IL PERCORSO DI BELLOCCHIO
Interpolando le immagini digitali con la pellicola in bianco e nero del suo debutto, Bellocchio torna ad abitare la casa dei Pugni in tasca affollandola di parenti, amici, comparse e attori. Il “richiamo di questo paese è immutabile”, dichiara Piergiorgio Bellocchio nel film, confessando alla sorella della Finocchiaro l’impossibile “addio al passato” che ha contagiato le nuove generazioni, incapaci di chiudere con l’ossessione familistica, la provincia e la ribellione. Eppure questa volta Bellocchio lascia che sorelle, figli e nipoti, sue ideali proiezioni, trovino una riconciliazione con un ingombrante passato. Cercare di realizzare una forma di disubbidienza non implica più l’assassinio della madre.
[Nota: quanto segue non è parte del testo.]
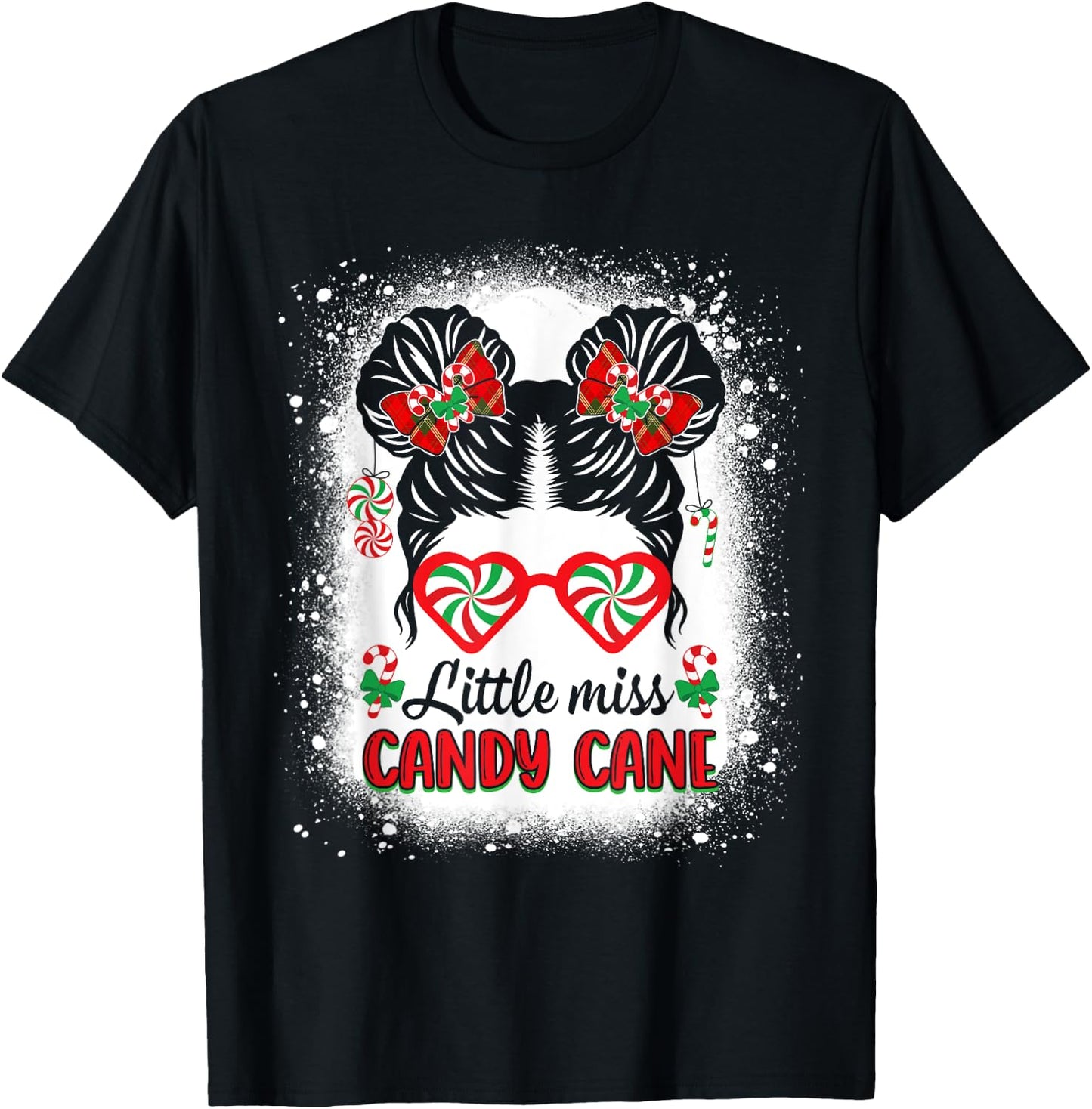 Littles Miss Candy Cane Bow Messy Bun Santa Christmas Party T-Shirt - T-Shirt | Black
Come già inteso e messo in scena nell’Ora di religione, al delitto si sostituisce la separazione, la fuga. Incessante come quella di Giorgio e Sara, sempre in arrivo, sempre in partenza contro la stanzialità confortante delle zie. Un’altra vacanza in Val Trebbia per i Bellocchio, un altro battesimo nelle sue acque gelide anche d’estate, da non intendere come sfogo narcisistico ma piuttosto diario intimo, che rivela un’idea di cinema con cui riprendere un contatto più intimo e profondo.

IL RACCONTO FAMILIARE
C’è il racconto familiare e c’è ancora e sempre il melodramma verdiano, che muove le deflagrazioni interiori dei personaggi, di cui Bellocchio rivela fin l’ultima piega emotiva. Ovunque, e soprattutto nel cuore, c’è Bobbio, la provincia da fuggire e insieme il luogo da abitare. Nell’epilogo, che si lascia trascinare in acqua dall’iperbole della fantasia, c’è Gianni Schicchi, complice affettuoso cucito nel frac di Modugno. Coi pugni in tasca e un cilindro per cappello interpreta l’ “addio al mondo e ai ricordi del passato”.